Peker, yang dinyatakan bersalah atas kegiatan kriminal terorganisir pada 2007, telah menuduh orang dekat Erdogan melakukan pemerkosaan, terlibat dalam perdagangan narkoba, pembunuhan, serta tindakan terlarang lainnya.
Ia juga mengaku dilindungi dari penganiayaan oleh pemerintah Turki selama beberapa tahun terakhir. Dia bahkan mengklaim dapat pengawalan polisi yang menjamin keselamatannya.
Sang Godfather, mengklaim mendengar langsung dari Menteri Dalam Negeri Turki Suleyman Soylu, bahwa kasusnya tengah "diurus" oleh pihak berwenang.
Dia pun dijanjikan mendapat kesempatan melarikan diri dari Turki dan terhindar dari penuntutan.
Pernyataan tersebut menjadi tuduhan yang telah membuat sang menteri di bawah tekanan berat. Apalagi, pemerintah sejauh ini menolak untuk menyelidiki klaim Peker.
Fikri Saglar, politikus senior CHP, partai oposisi utama Turki, menuturkan bahwa perselingkuhan Peker dengan pemerintah adalah bagian dari masalah yang jauh lebih besar.
Dalam sebuah wawancara dengan harian Turki Cumhuriyet, mantan anggota parlemen itu mengaitkannya dengan skandal serupa yang mencoreng citra rezim sebelum Erdogan. "Kita bisa menyebutnya sebagai insiden Susurluk kedua," ujar dia.
Saglar adalah anggota komite parlemen yang menyelidiki skandal di penghujung milenium tersebut. "Mungkin lebih serius," tambahnya.
“Susurluk itu seperti fondasi untuk membongkar relasi politikus-mafia-negara, kini jejak-jejaknya kembali muncul,” tutur dia lagi.
Partai Keadilan dan Pembangunan alias AKP, partai yang dipimpin Erdogan, mencuat sebagai kekuatan politik di Turki karena dipandang sebagai antitesis dari pemerintahan sebelumnya yang dipermalukan berbagai skandal, termasuk hubungan dekat dengan kelompok mafia.
Pada 1996, sebuah skandal dahsyat mengguncang Turki setelah seorang pejabat senior kepolisian, seorang pembunuh untuk kelompok sayap kanan dan seorang pengedar narkoba tewas dalam kecelakaan mobil di Sursuluk.
Insiden itu jadi awal tersingkapnya tabir hubungan erat antara pemerintah, nasionalis sayap kanan dan kejahatan terorganisir.
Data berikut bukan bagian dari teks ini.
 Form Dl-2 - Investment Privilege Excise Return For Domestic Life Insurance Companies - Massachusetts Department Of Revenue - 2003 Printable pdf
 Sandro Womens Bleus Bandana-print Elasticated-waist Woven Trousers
“AKP menjadi terkenal dengan memposisikan dirinya sebagai antitesis dunia itu,” kata Asli Aydintasbas, analis politik di Dewan Eropa untuk Hubungan Luar Negeri.
Erdogan membuat nama untuk dirinya dengan membersihkan deep state dan kejahatan terorganisir.
Namun, setelah percobaan kudeta tahun 2016 terhadapnya, Erdogan meminta dukungan kepada gerakan nasionalis, yang datang dengan jaringan lama penjahat profesional dan nasionalis sayap kanan.
"Sepertinya dalam periode pasca kudeta mereka telah kembali," kata Aydintasbas. (mcr13/jpnn)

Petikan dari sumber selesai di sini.